One of the hardest things I've ever had to do in my life is live as a soon-to-be step-mom. I say that now not because I have a hard time with the kids, or the kids don't listen, or I find myself unable to love the kids. I say this because it's difficult to live with the ex-wife.
By difficult I mean almost impossible.
I dearly love Christopher and Kayla. I couldn't love them more if they were my own flesh and blood. They are, as far as I'm concerned, my kids.
That being said, those kids will say anything they think will make the person they're with happy.
If they're with Daddy and I, they'll say bad things about their mother. If they're with their mother and their mother's mother (aka Nana) they'll say bad things about Daddy and I. Case in point: after J and I dropped off the kids last time they were with us everything seemed fine. The day after Nana and the ex-wife told us Christopher told them Daddy and I said they didn't have to listen to Momma or Nana.
J and I have never said that. Ever. As a matter of fact, we have stressed to the kids that, even though it's hard, they should always strive to do as they're told by Momma, Nana, Daddy and I.
It's so frustrating to sit idly by and listen to the kids get so confused by this whole situation. No matter how much we stress that the kids should always be honest no matter what, they'll still say things. They're kids. They'll do that. They're confused and are trying so very hard to make everyone happy.
Their mother should know that. So should their Nana. As adults it's our job to know what's going on with our kids. It's our job to make sure we don't speak badly about the other parent around the kids - no matter how tempting it may be.
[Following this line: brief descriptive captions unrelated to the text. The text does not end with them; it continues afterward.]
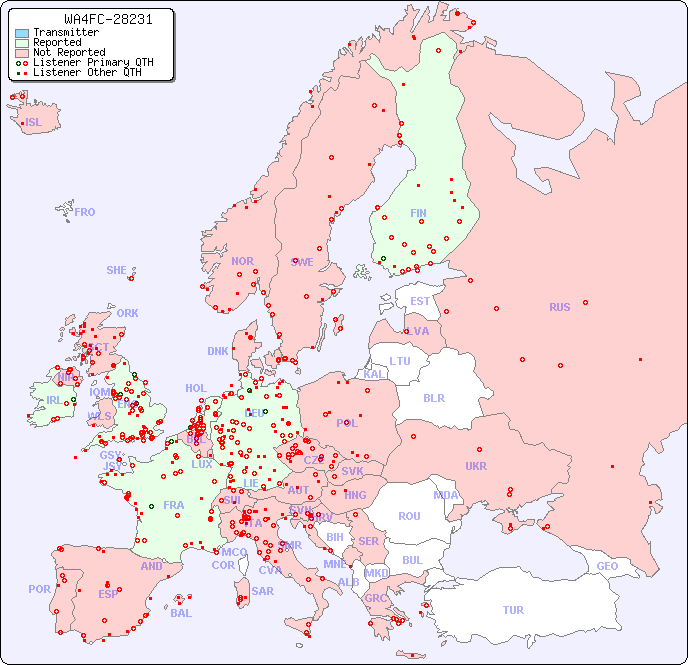 European Reception Map for WA4FC-28231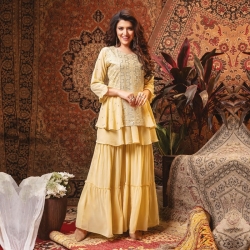 Embroidered Flared Viscose Georgette Kurta Sharara Set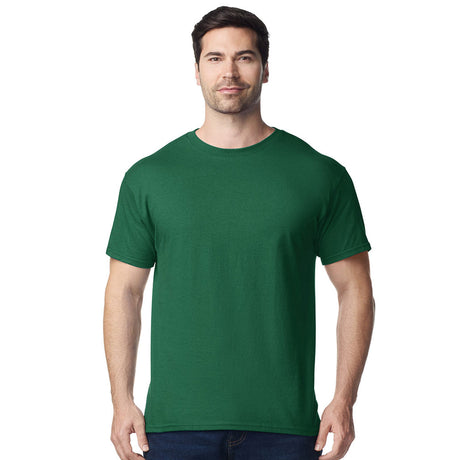 front view model wearing mens gildan short sleeve heavy cotton tshirt forest green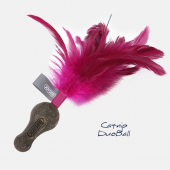 Игрушка для кошек JOYSER Catnip Duoball из спрессованной кошачьей мяты с перьями розовая, 21 см (7050)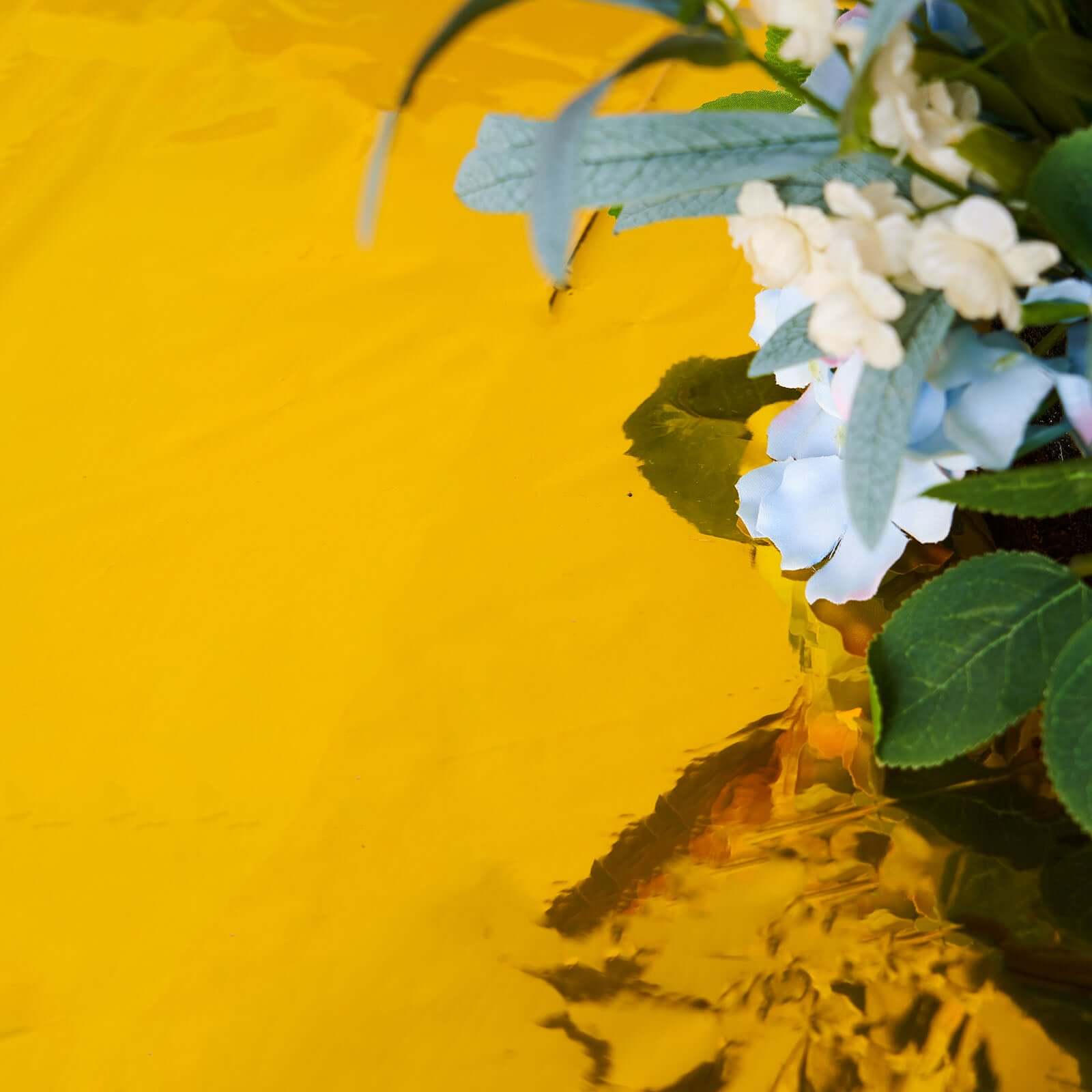 Disposable 40x90 Gold Metallic Foil Rectangle Plastic Tablecloth for Parties - Great Value!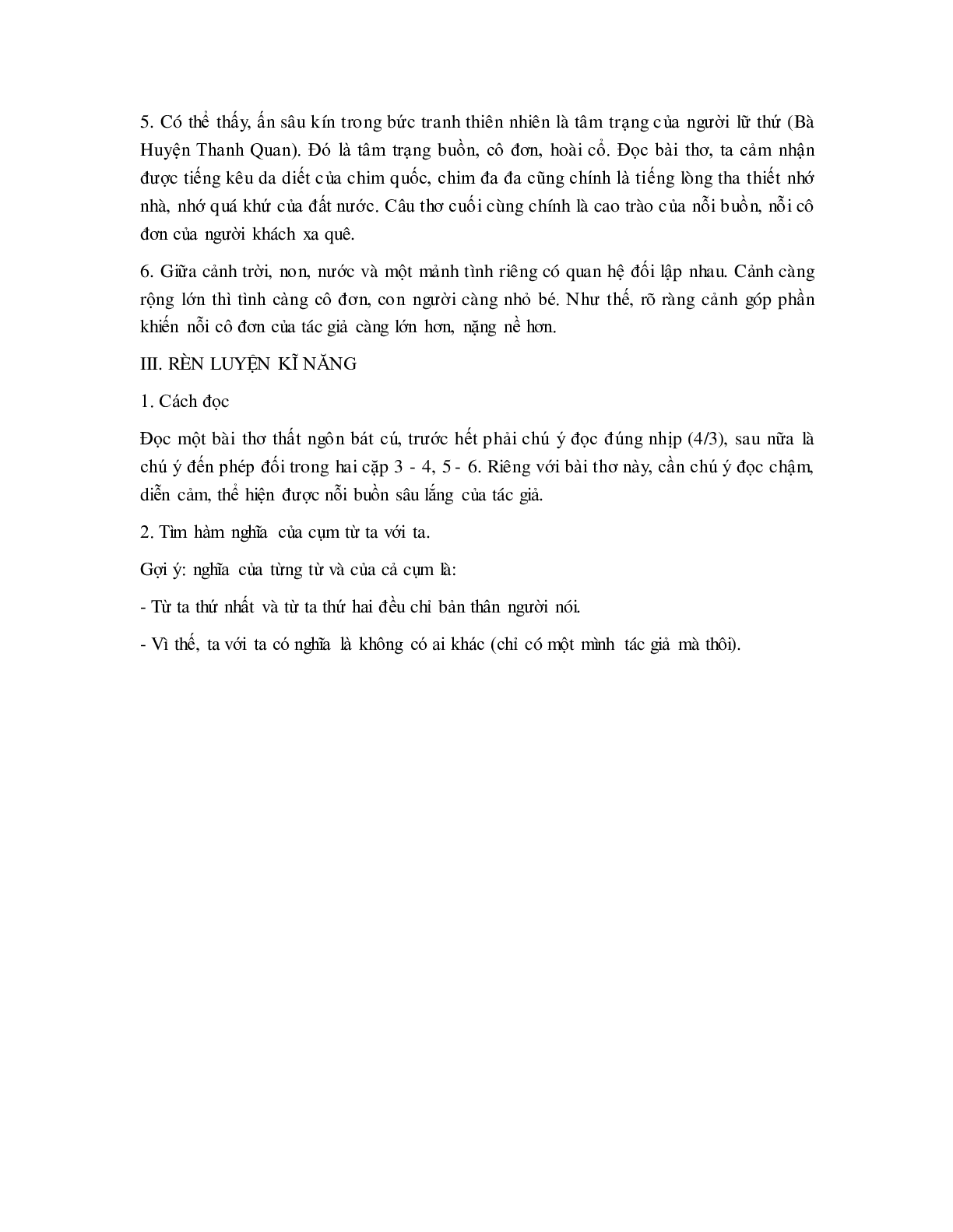 Soạn bài Qua đèo Ngang - ngắn nhất Soạn văn 7 (trang 2)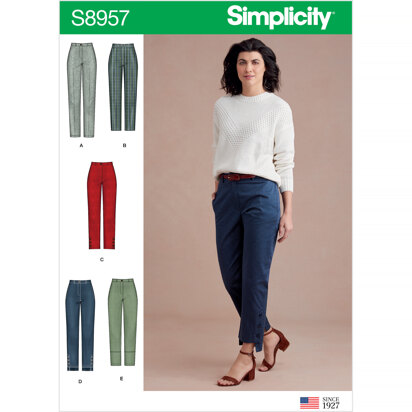 Simplicity S8957 Misses Slim Leg Pant with Variations - Sewing Pattern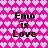 A static image with a bright pink background covered in repeating light pink heart shapes, featuring four identical text blocks reading "Emo is Love" in bold black letters.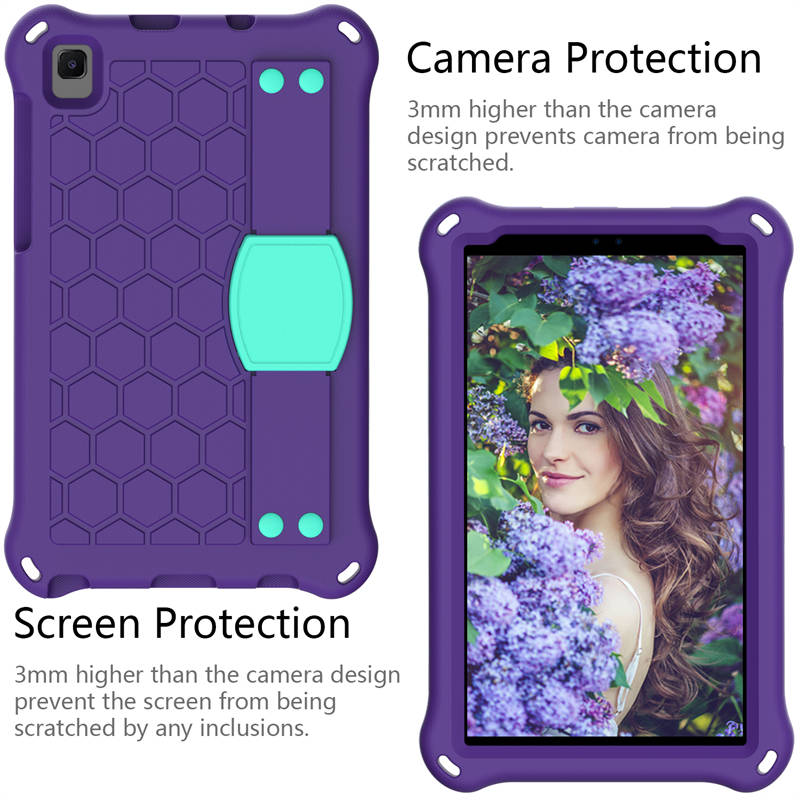 Hive Tablet Case For SamSung Tab A7 Lite 8.7(T220/T225) 2021/Tab A8 (P200/P225) 2019 Durable Stand Cover With Shoulder Strap-PurpleAqua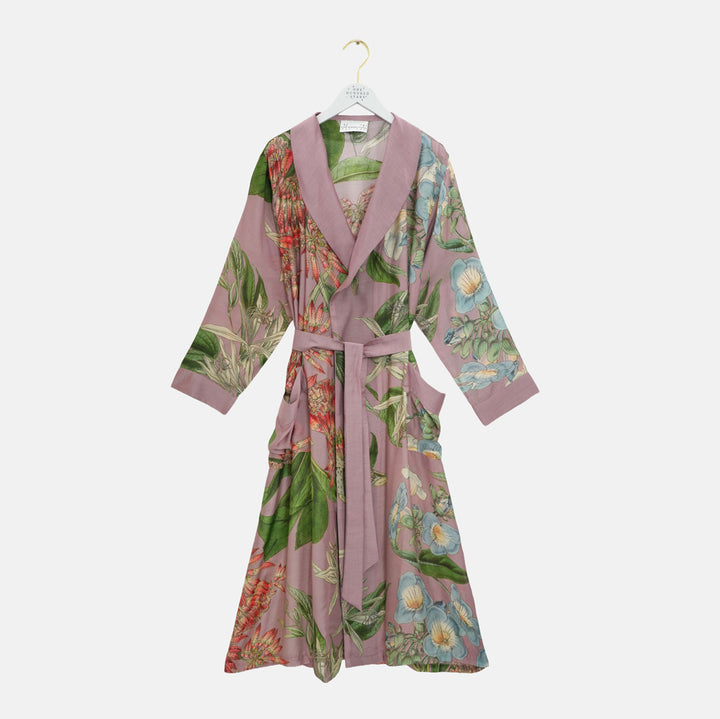 women's pink dressing gown with pink, blue and white floral print on a hanger against a white background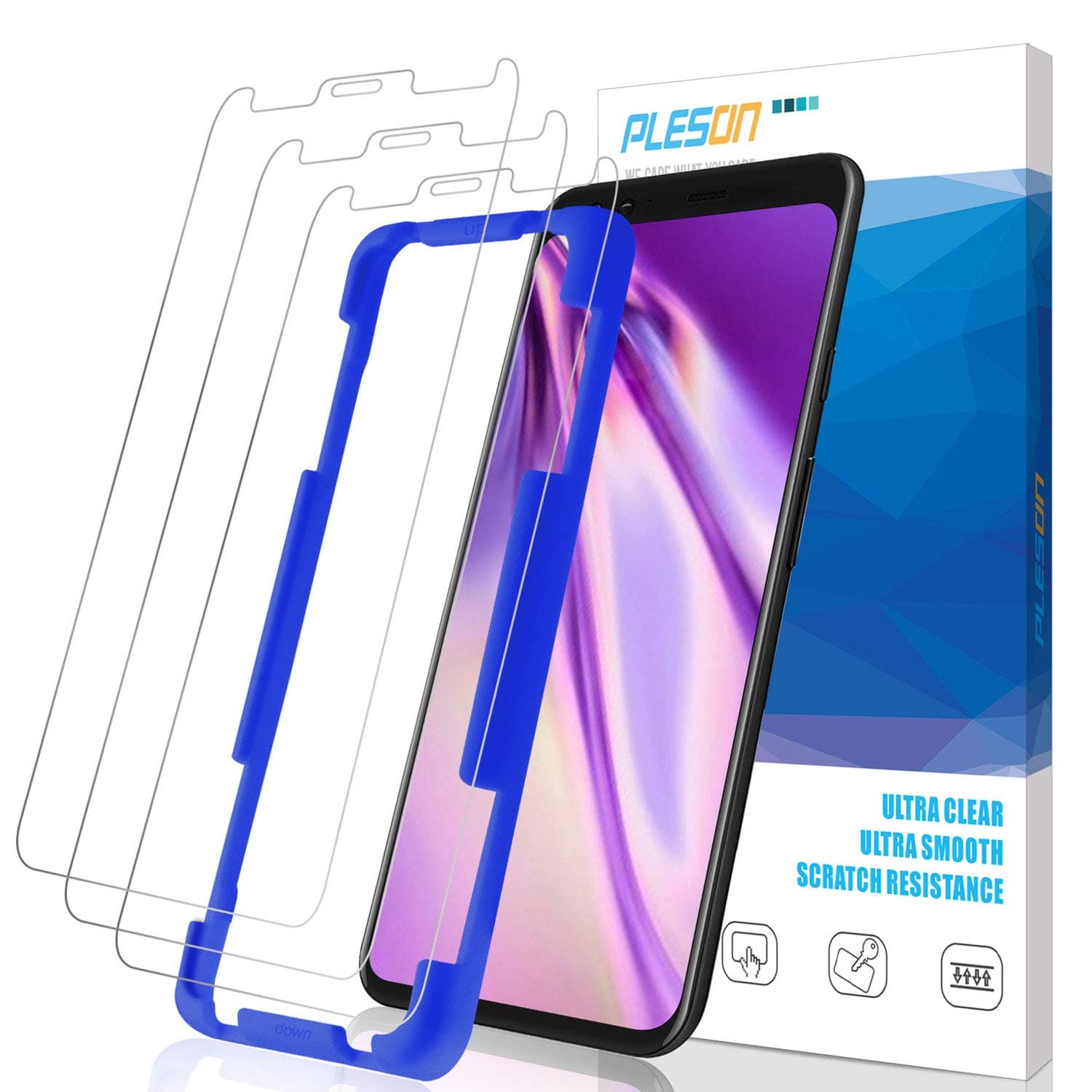 Pleson Google Pixel 4 XL Screen Protector [3 Pack], [Easy Install] [LIFETIME Replacement] [Case Friendly] Full Coverage/Bubble Free/HD Clear Tempered Glass Screen Protector Film for Google Pixel 4 XL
It's our job to make sure the kids are happy, healthy and safe.
Isn't it?!
So why is the ex-wife coming to me and telling me that Christopher is telling her tons of bad things about Daddy (aka J ) and I? Doesn't she know kids will say anything to make us seem happy to them - they'll tell us anything they think will please us?
I need help with this. I need a friend who's gone thru the same thing I'm going thru. I need a friend who can sit there and listen to me cry about this, beat my head against the wall and scream, rant, and rave. I need a friend who's going to understand me when I go crazy and tell me that it's still going to be alright - that things will get better.
Any takers?
*sigh*
In other news, work is doing great. Both the customers and they employers love me there. Truly. I had a customer today give me one of the best compliments. This lady has been coming in for as long as I've been there - probably longer. Her husband is terminally ill and she has 7 kids, one of which is very sick. She pulled me aside today to tell me that no matter what kind of day she's having, I always brighten her day and make her feel valued, special, and pretty. She commented that sometimes when she's having a particularly difficult day she will find me simply for that reason - to help her to feel better.
Do you guys have any idea how wonderful that makes me feel?! I love that I can help someone feel better about life, to make a difference.
Anyway, I have a major migraine that isn't going away and I have to get up early for work tomorrow, so I hope everyone has a wonderful day today....er, night tonight.... or whatever it is for you.